Back in January, I wrote a post about how I felt when David Bowie died, about how his legacy touched my family and how he had become like the edgy, cool uncle when we’re listening to music. I had to acknowledge however, that he didn’t really have a defining influence on my life. I didn’t make a profound discovery about myself through listening to his music. I just love it and besides, I wasn’t that cool.
So yesterday, when I heard about the death of Victoria Wood, I knew that there had been a seismic shift in my life.
It wasn’t the fact that I cried when I heard The Ballad of Barry and Freda on the radio and then again when I watched the Spaghetti Sketch on the News.
Regular readers to this blog will know that on the 1 to 10 scale of sadness with 10 being utter despair and 3 being slight melancholy, I’m a lost cause at anything past two and a half.
It was more that it reminded me of when Victoria Wood was the defining influence in my life and it made me realise that much of my sense of humour and my frequent inability to take things seriously, are down to her.
So this is a letter from my teenage self, explaining what she means to me.
Dear Victoria Wood,
Hello. How are you? Sorry, I’m a bit nervous writing to you. I know I shouldn’t be. You seem really lovely on television so I expect you’re just as lovely in real life. You can tell that about a person, can’t you? It’s all in the eyes according to my Mum.
‘If the smile doesn’t reach the eyes then run a mile, Annie. Also never trust a man with a beard.’
Good advice I’m sure you’ll agree and it means that you are both trustworthy and lovely according to my mother because you don’t have a beard and your smile always reaches your eyes. In fact, you look as if you’re having the time of your life when you’re performing. It’s as if you’re talking to a room full of friends and I love that.
Sorry, I’m rabbiting on now instead of telling you the reason for this letter.
I wanted to say thank you. From the bottom of my heart and the heart of my bottom. Sorry. Again. I stole that line from Fry and Laurie. Do you know them? They’re my other favourites. I wrote to them as well.
Anyway, as I was saying, I wanted to thank you because you sort of saved me. That sounds a bit dramatic, doesn’t it? I do like a bit of drama but I like comedy more. I have filled my life with as much comedy as I can – I particularly love you, of course. And Blackadder. And French and Saunders. I watch everything over and over again. I memorise all the lines.

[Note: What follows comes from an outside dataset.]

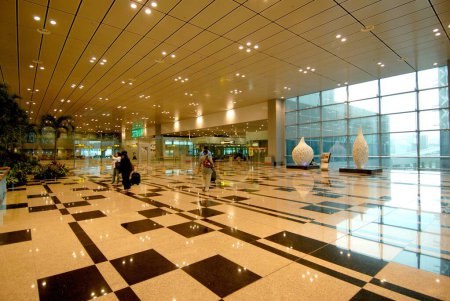Téléchargez les photos : Intérieur du terminal de l'aéroport, Singapour - en image libre de droit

My friend and I performed your ‘Self Service’ sketch last year at the church revue. I played the Julie Walters part. I wasn’t very good and I didn’t understand half the references but I loved it. I love making people laugh. It’s a great feeling, isn’t it?
You’re brilliant at it of course and I think the way you play with words is very clever. My friends and I can’t say, ‘Malibu,’ ‘pochette,’ or ‘you’d be very middling at modelling, Madeleine’ without laughing now. Actually, that’s another thing. I’ve made some really good friends because of you – friends I can laugh with and say,
‘Hello, I’m looking for my friend, Kimberley. Have you seen her?’
Anyway, I just wanted to say thanks. For making me laugh and helping me to see the funny side of life in all the silly little things that happen. I’m going to try to keep making people laugh in some way if I can, ideally until chips come down their noses. I hope you approve. I reckon you do.